WORK TO COMPLETE:
Output the lines of the listing below exactly, starting at the line containing "Protest against Brazilian" and stopping after the last line, with any pictures dropped.
☆ ☆ ☆
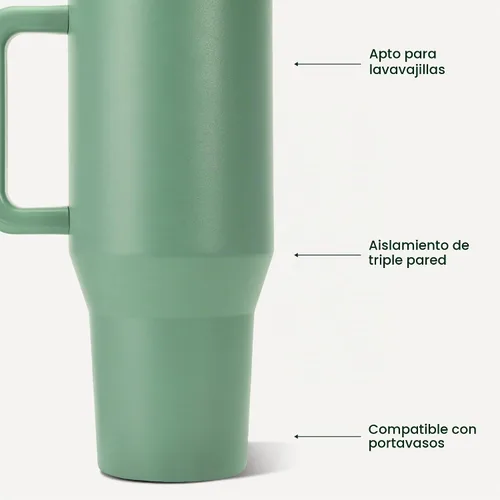 Vista 3 de HydroJug Traveler - Botella de agua de 40 onzas con asa y pajita abatible - Cabe en portavasos, vaso resistente a fugas - Reutilizable, aislado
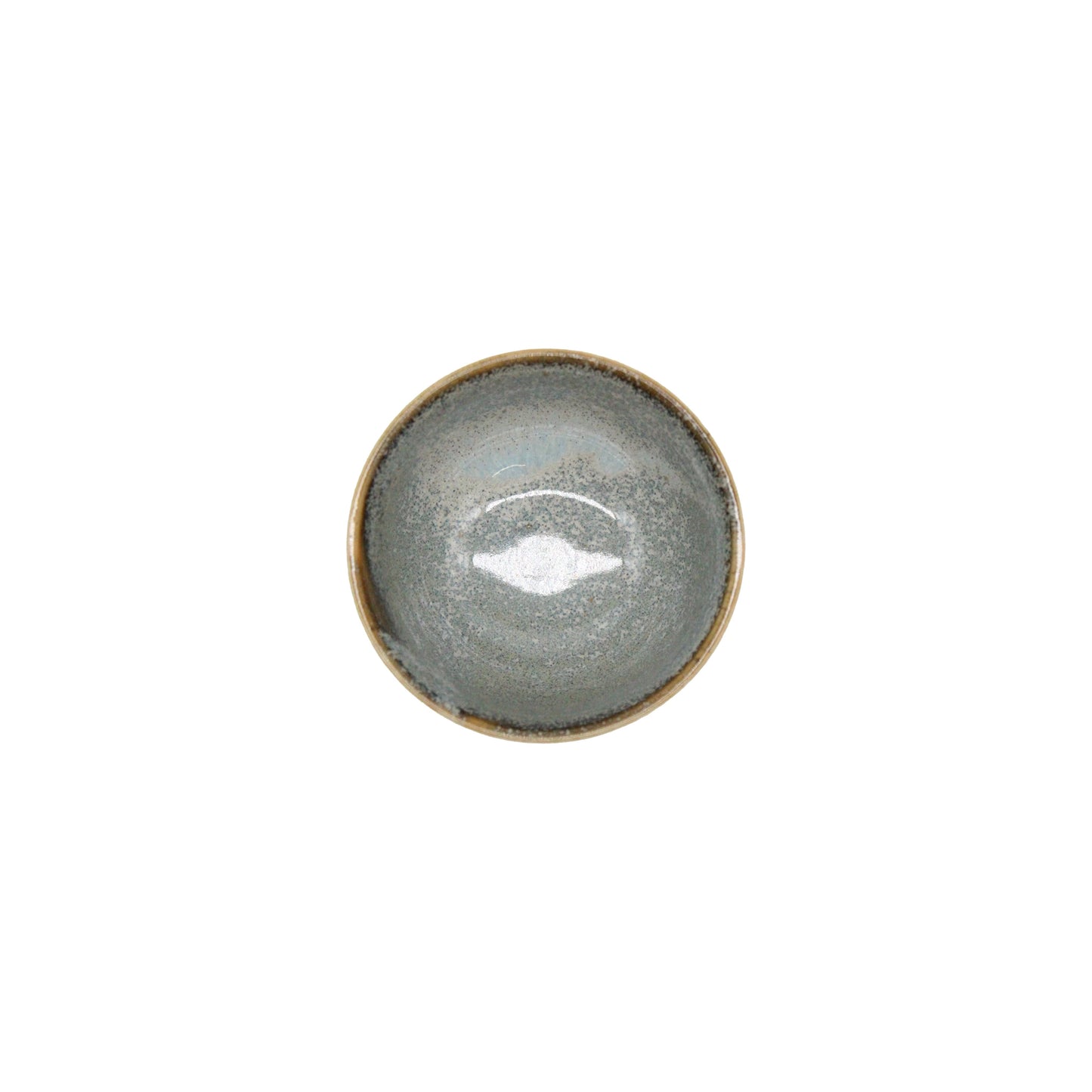 
                  
                    A small, round Tea Cup - Steel Grey with a glossy gray glaze and brown rim, viewed from above against a white background.
                  
                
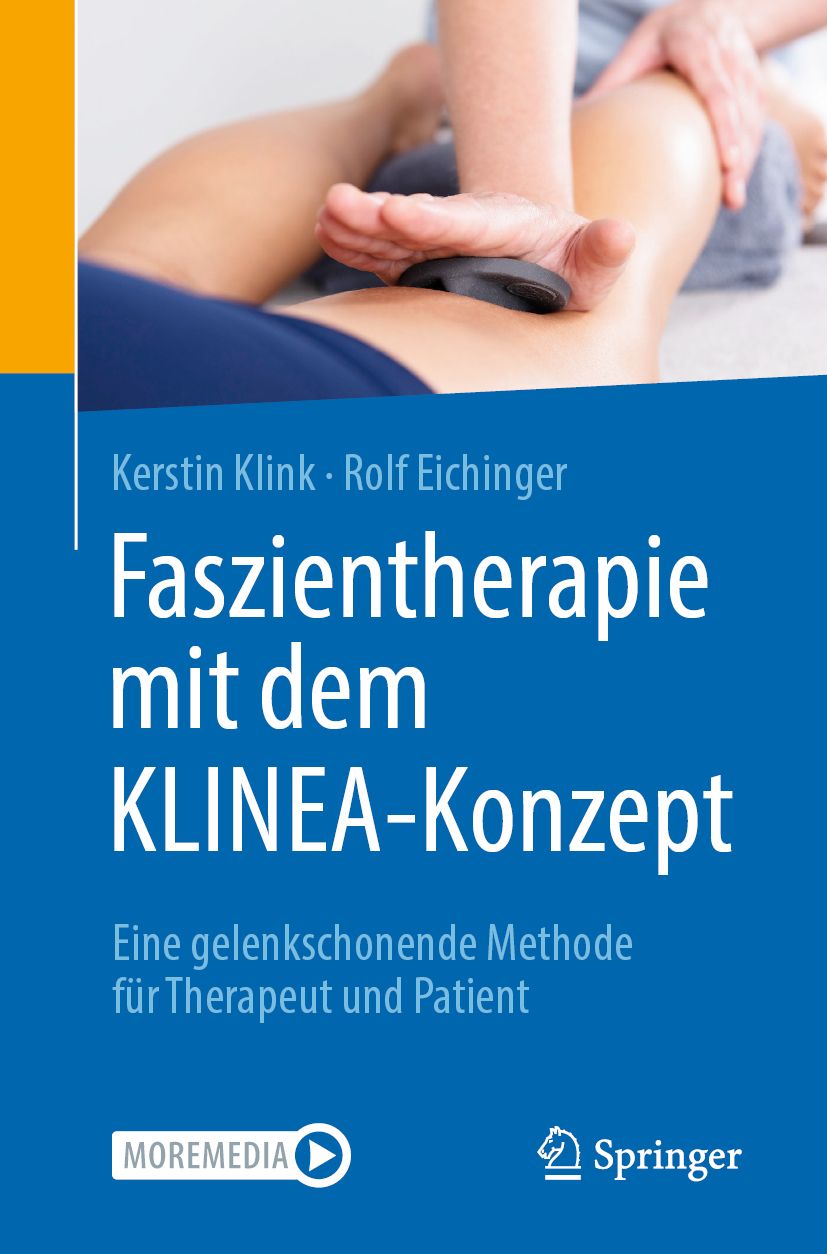 Buchcover: Faszientherapie mit dem KLINEA-Konzept. Autor: Kerstin Klink, Rolf Eichinger. Springer-Verlag. Patient wird behandelt.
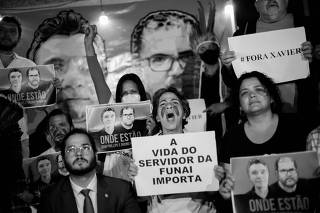 Protest against Brazilian President Bolsonaro's government, Brazil's National Indian Foundation (FUNAI)'s President Marcelo Augusto Xavier da Silva and for the search for Dom Phillips and Bruno Pereira, in Brasilia
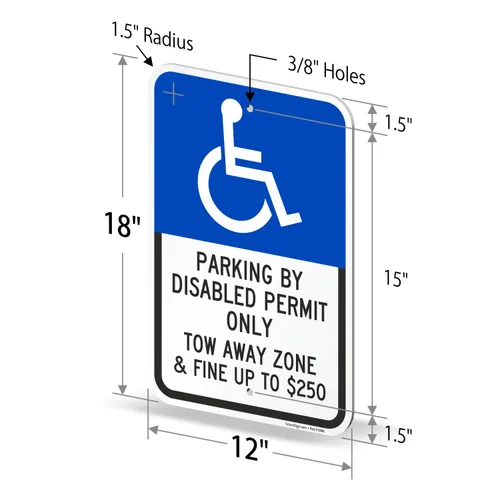 Miniatura 5 de SmartSign Paquete de 2 letreros de 18 x 12 pulgadas con texto en inglés "Parking By Disabled Permit, Tow-Away Zone", compuesto de aluminio de 120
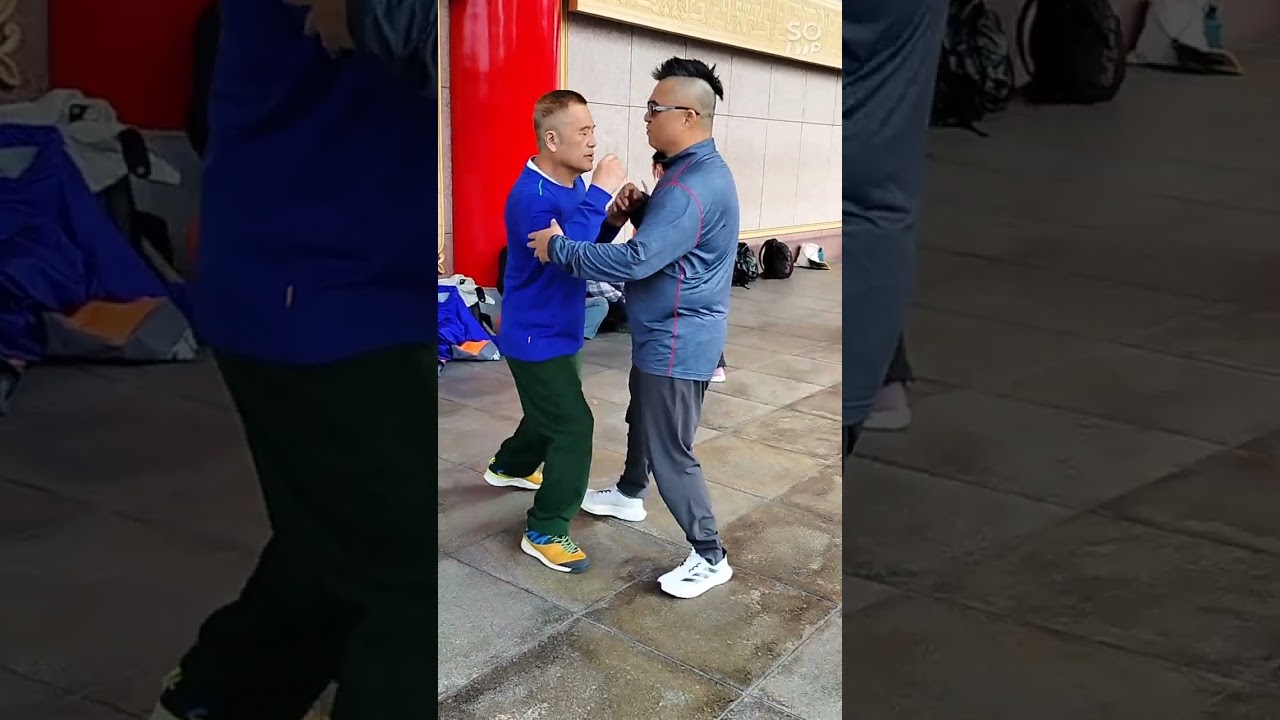 友勁太極拳推手，在自由廣場，國家戲劇院外的週六例行活動，今天歡迎中華太極館吳榮輝老師，台南徐進明老師蒞臨，一起飆汗研究太極定步推手。友勁週六免費推手交流。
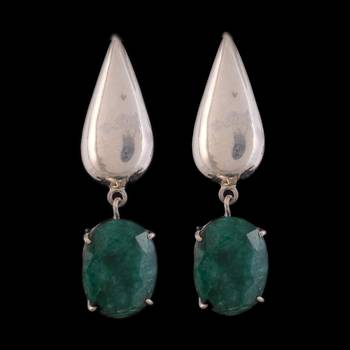 12.18 Gms Silver With Pink Onyx Earrings 1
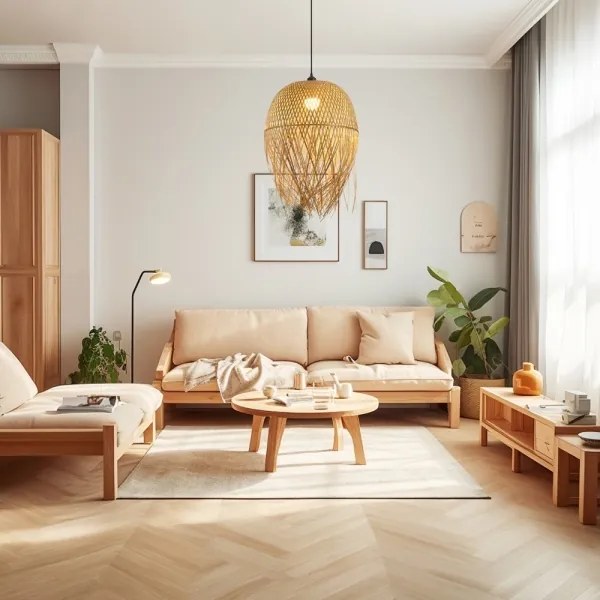 Immax 08271L - Lampadario a sospensione con filo HILO 1xE27/40W/230V diametro 45 cm bambù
☆ ☆ ☆
SOLUTION FOR THIS EXERCISE:
 Protest against Brazilian President Bolsonaro's government, Brazil's National Indian Foundation (FUNAI)'s President Marcelo Augusto Xavier da Silva and for the search for Dom Phillips and Bruno Pereira, in Brasilia
 Miniatura 5 de SmartSign Paquete de 2 letreros de 18 x 12 pulgadas con texto en inglés "Parking By Disabled Permit, Tow-Away Zone", compuesto de aluminio de 120
 友勁太極拳推手，在自由廣場，國家戲劇院外的週六例行活動，今天歡迎中華太極館吳榮輝老師，台南徐進明老師蒞臨，一起飆汗研究太極定步推手。友勁週六免費推手交流。
 12.18 Gms Silver With Pink Onyx Earrings 1
 Immax 08271L - Lampadario a sospensione con filo HILO 1xE27/40W/230V diametro 45 cm bambù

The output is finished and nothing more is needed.